Accepts single image frames or streams of image documents and calls OpenAI's Chat Completions API with each image encoded as a base64 data URL (with detail: "auto"), returning the model's text response. Supports the GPT-4.1 and GPT-4o model families for use cases including image analysis, OCR, visual understanding, and scene description.

Uses the official openai Python SDK (>=2.38.0). If no analysis prompt is configured, the node defaults to "Describe this image in detail.".

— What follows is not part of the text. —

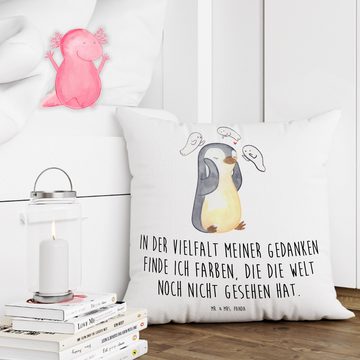Mr. & Mrs. Panda Dekokissen Pinguin Schizophrenie - Weiß - Geschenk, Sofakissen, Motivkissen, Kop, Weiche Mikrofaser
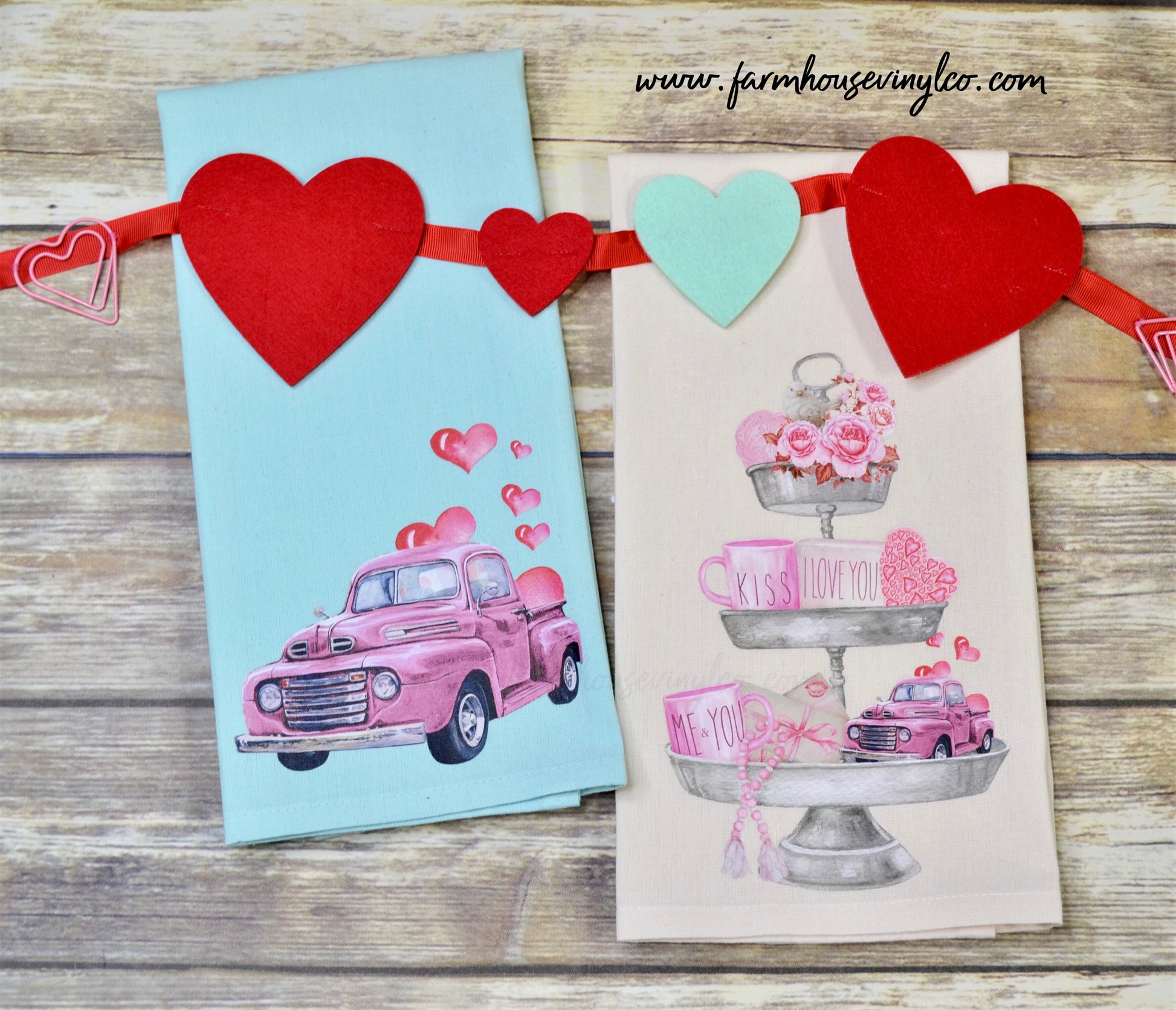 Valentine Tier Tray and Valentine Truck Towels - Farmhouse Vinyl Co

Each API call runs in a daemon thread with a 30-second hard timeout and is retried once on retryable errors (rate limits, connection errors, timeouts, 5xx responses). Rate-limit retries honor the retry-after response header (default 60 s); other retries use exponential backoff starting at 1 s. A fresh HTTP client is created per attempt to avoid exhausting the connection pool from a prior timed-out attempt. API errors are translated to user-friendly messages covering authentication failure, rate limits, quota or billing issues, invalid input, model not found, timeout, and server unavailability.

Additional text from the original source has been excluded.